I love object lessons. There’s something about them that helps me grasp spiritual lessons that otherwise elude me. However, I would like to share with you a lesson revolving around an ordinary, everyday object.
Picture a piece of glass. Now, imagine that the glass represents the difficult circumstances in your life–the stress that weighs you down and steals your sleep, the overwhelming schedule that creates havoc in your life, the relationships that are so far from what they should be, your failing health, that horrible job that leaves you tired, frustrated and out of sorts. Whatever your situation may be, that piece of glass represents those problems. So, what will you make of your glass?
You see, glass can be made into many different things, and while I would love to discuss all of them, for the sake of time, I must limit this article to just a few.

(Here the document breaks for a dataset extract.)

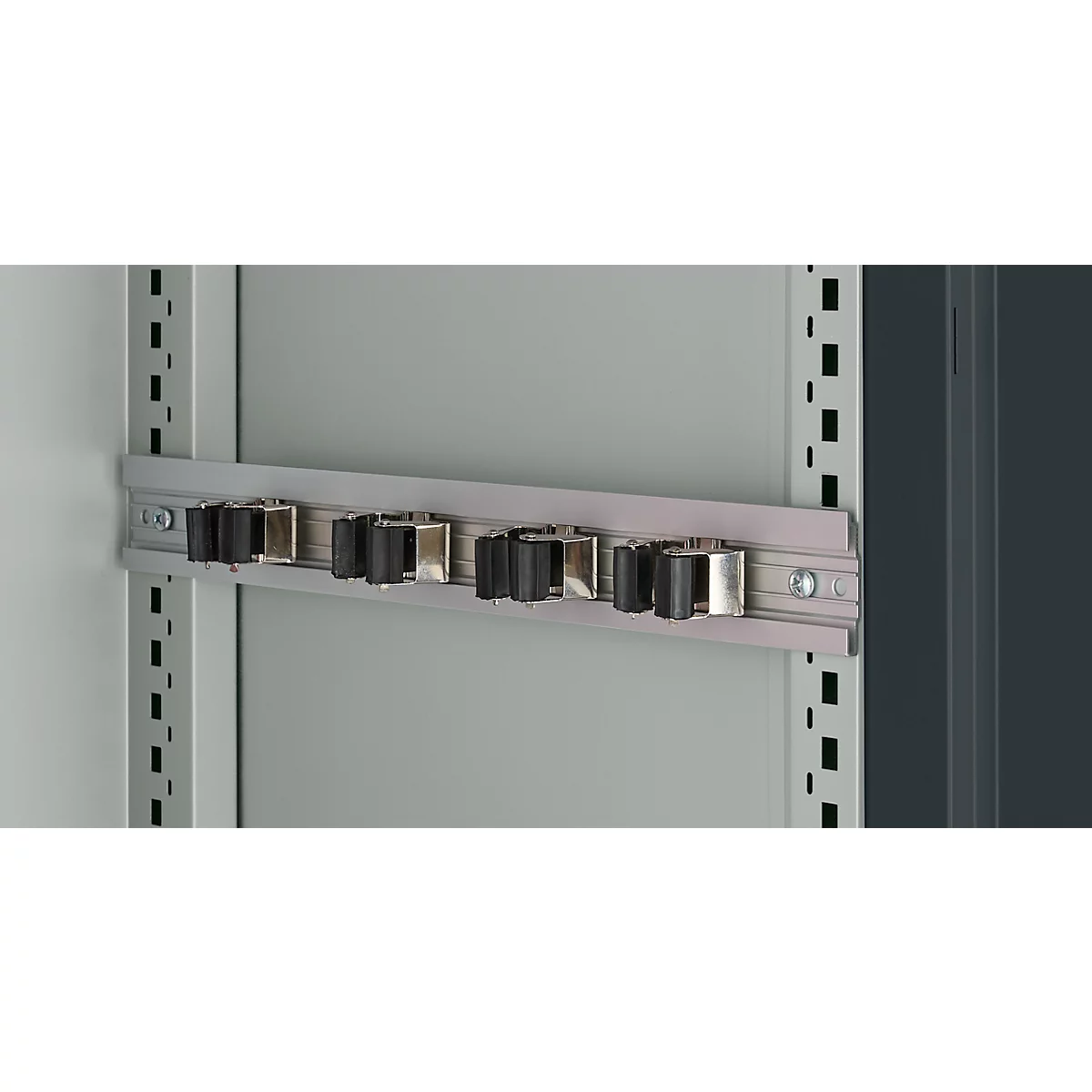 Schäfer Shop Genius Mehrzweckschrank FS, modular, indivuduell erweiterbar, Mittelwand, 4 Fachböden, bis 450 kg, B 1055 x T 520 x H 1950 mm, lichtgrau/anthrazitgrau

First, glass can be made into a window. According to the dictionary, a window is “an opening in the wall or roof of a building or vehicle that is fitted with glass or other transparent material in a frame to admit light or air and to allow people to see out.”
Notice that, a window admits light and allows us to see out. When we turn our circumstances into windows, we shine a light on our lives and give ourselves the ability to look beyond our current circumstances. It allows us to focus on something other than the giant in front of us.

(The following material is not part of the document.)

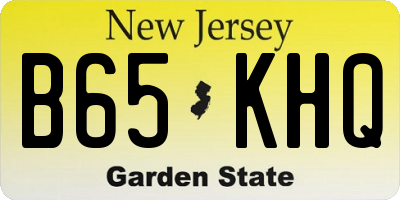 NJ license plate B65KHQ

Psalm 119:71 says, “It is good for me that I have been afflicted; that I might learn thy statutes.” Good to be afflicted? That makes no sense … unless you’ve learned to turn those circumstances into a window, whereby you can see God’s Word and God’s work in a whole new light.
Second, glass can be made into eyeglasses, which are lenses worn to aid vision. Psalm 119:18 says, “Open thou mine eyes, that I may behold wondrous things out of thy law.”
By turning our circumstances into eyeglasses, we improve our vision. We allow ourselves to see clearly without our vision being affected by our emotions. And often, it is only through such dire circumstances that we will actually see the things that God is trying to show us.
Third, glass can be made into a magnifying glass, which is “a lens that produces an enlarged image, typically used to examine small or finely detailed things such as fingerprints, stamps and fine print.”
Psalm 40:16 says, “Let all those that seek thee rejoice and be glad in thee: let such as love thy salvation say continually, The Lord be magnified.” Did you catch that? The Lord be magnified. The point of a magnifying glass is not to examine how big our problem is, but rather to look through the problem and see just how big our God is, to study His fingerprints on our lives and to examine the fine print that we were blind to before.
Unfortunately, despite the many good things we could do with our glass, we have a tendency to turn it into a mirror. The dictionary definition of the word mirror is “a reflective surface that gives a faithful representation, image or idea of something else.”
When we look into a mirror, what do we see? Yep, ourselves! By turning our circumstances into a mirror, we’re turning all of our focus and attention on ourselves. We become selfish and self-centered, only worrying about ourselves and our own problems. And unsurprisingly, we feel all alone in the midst of our suffering.
A simple piece of glass, just like our circumstances, can be made into many different things, but the process never happens by accident. It takes a choice. We have to decide what we will make with our glass and understand that the decision we make will affect others as much as it affects us. Choose carefully.
Can you think of some other positive uses for glass as it represents our circumstances?